Problem to work on
A picture should never appear in your copy. Transcribe the listing exactly from its first line through the line with "A Chesterfield red", both ends included.

Information provided
- - -

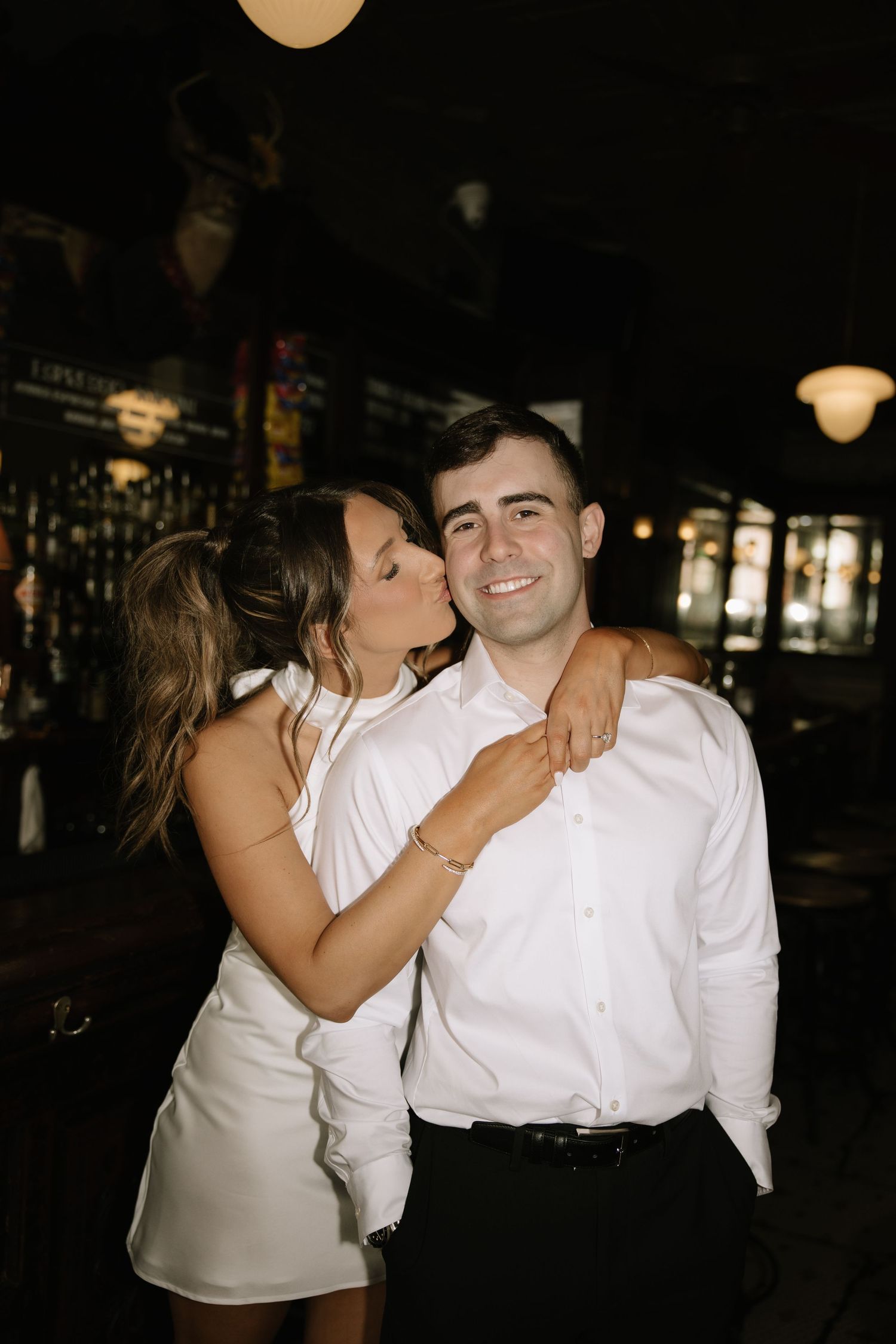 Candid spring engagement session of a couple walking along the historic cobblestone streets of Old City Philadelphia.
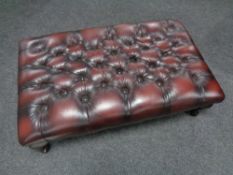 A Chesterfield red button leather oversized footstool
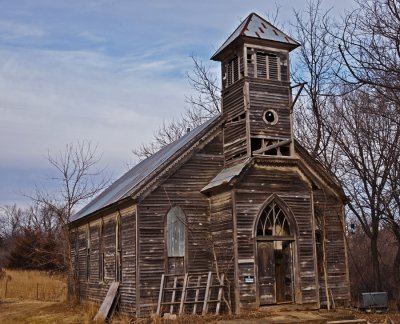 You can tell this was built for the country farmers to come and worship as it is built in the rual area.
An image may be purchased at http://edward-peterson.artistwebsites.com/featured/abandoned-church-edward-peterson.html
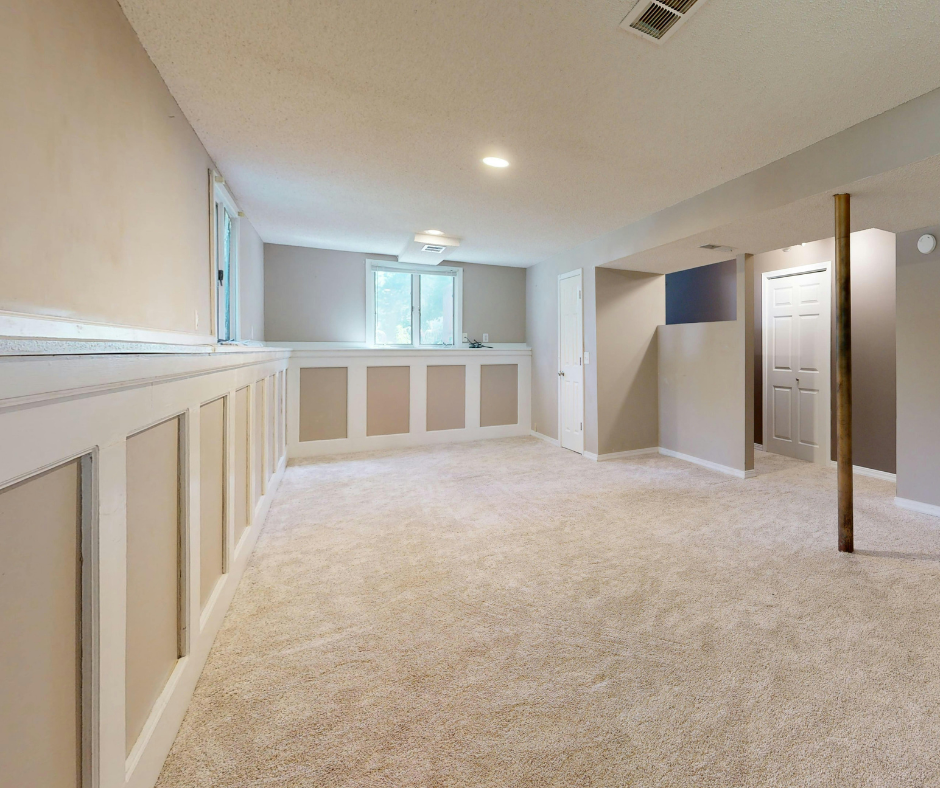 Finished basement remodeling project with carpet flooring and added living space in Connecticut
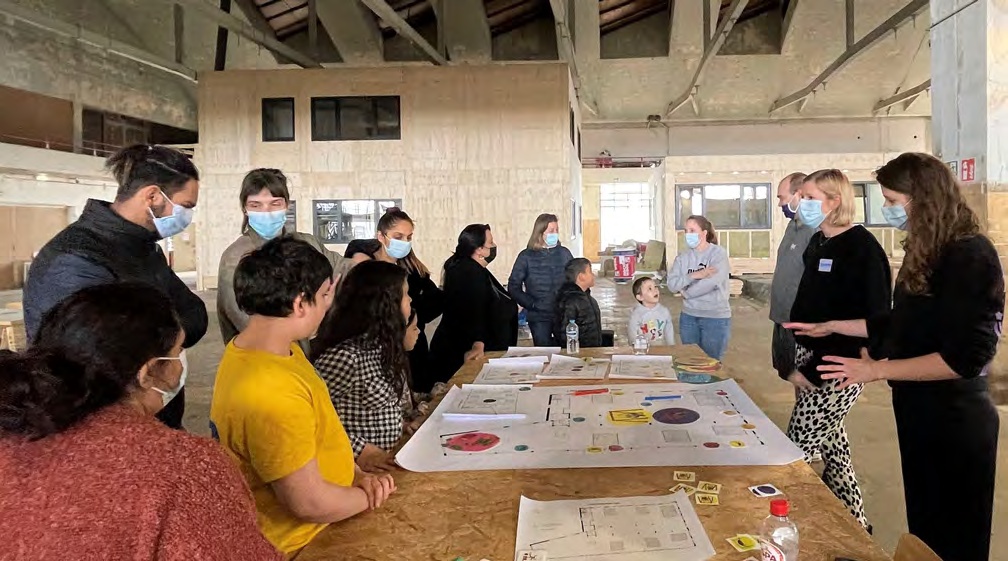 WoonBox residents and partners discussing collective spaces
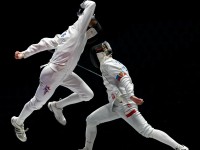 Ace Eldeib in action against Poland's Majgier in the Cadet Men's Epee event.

- - -

Written solution
 Candid spring engagement session of a couple walking along the historic cobblestone streets of Old City Philadelphia.
 A Chesterfield red button leather oversized footstool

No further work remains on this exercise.